Its just so…..wrong. And weird.
I made a promise to myself that I would never let my decent-book-reading-eyes be poisoned by that book. Yes lots of people have read it and said its brilliant but seriously, just no.
I am a bit of a book snob. I really do judge a book by its cover.
If its got pink or pastel swirly writing on the front, sorry its not for me.
If its got a cartoon drawing of a woman holding a glass of wine/shopping bag/mobile phone, sorry its not for me.
If its got “something-aholic” or a reference to shopping, fairies or cake in the title, sorry, not for me thanks.
If Tesco have a great big display of a thousand of them at the front door, with grey ties all over it, again, bye bye, I’m not reading that.
I haven’t read Harry Potter. At the time the books came out, 50% of commuters on my train who were reading books would be reading Harry Potter. Can you imagine the horror if, god forbid, a stranger on my train started A CONVERSATION with me because we were both reading the same thing? Oh the horror! I don’t want any excuse for people on trains to think I might be someone to speak to.
So I stick to things that other people are not really likely to be reading. Ones that aren’t usually in the chart section of Tesco basically.

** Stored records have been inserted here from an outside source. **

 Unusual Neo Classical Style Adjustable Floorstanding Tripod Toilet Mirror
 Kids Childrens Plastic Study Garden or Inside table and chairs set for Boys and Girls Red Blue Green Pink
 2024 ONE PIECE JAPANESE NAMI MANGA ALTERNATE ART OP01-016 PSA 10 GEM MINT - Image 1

Recently, someone asked me what book I was reading. The answer was “Kazuo Ishiguro’s last novel. Its about cloning”. Result – end of conversation. Yay!
Back to 50 Shades.
Its more than disturbing when friends of your parents say that they’ve read it. I don’t want to ever think about that.

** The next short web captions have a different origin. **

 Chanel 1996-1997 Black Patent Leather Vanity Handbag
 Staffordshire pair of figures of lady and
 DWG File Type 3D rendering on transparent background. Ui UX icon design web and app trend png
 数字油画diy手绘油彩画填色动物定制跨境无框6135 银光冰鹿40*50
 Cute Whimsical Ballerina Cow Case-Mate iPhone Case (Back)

I told Stavros that there was no way on God’s earth that I would read 50 Shades. He had been given it by someone at work (inappropriate much?)
When I said I would never read it he said “OK, I’ll read it then and let you know what its like”
Through the laughter, I managed to say “Right, so you’re going to read some bad porn to review for me are you?”
“Its not that bad is it?”
I replied “Errr, Stavros, its a load of S&M”
“S&M? Really”. He looked a bit confused. He was clearly oblivious to the whole spanky thing in the book.
“Yes Stav, S&M as in Sado-masochism”.
Then he explained what he thought it was about.
Apparently he “thought it was a modern day Lady Chatterley’s Lover. Not gimp masks and barbed wire on willies.”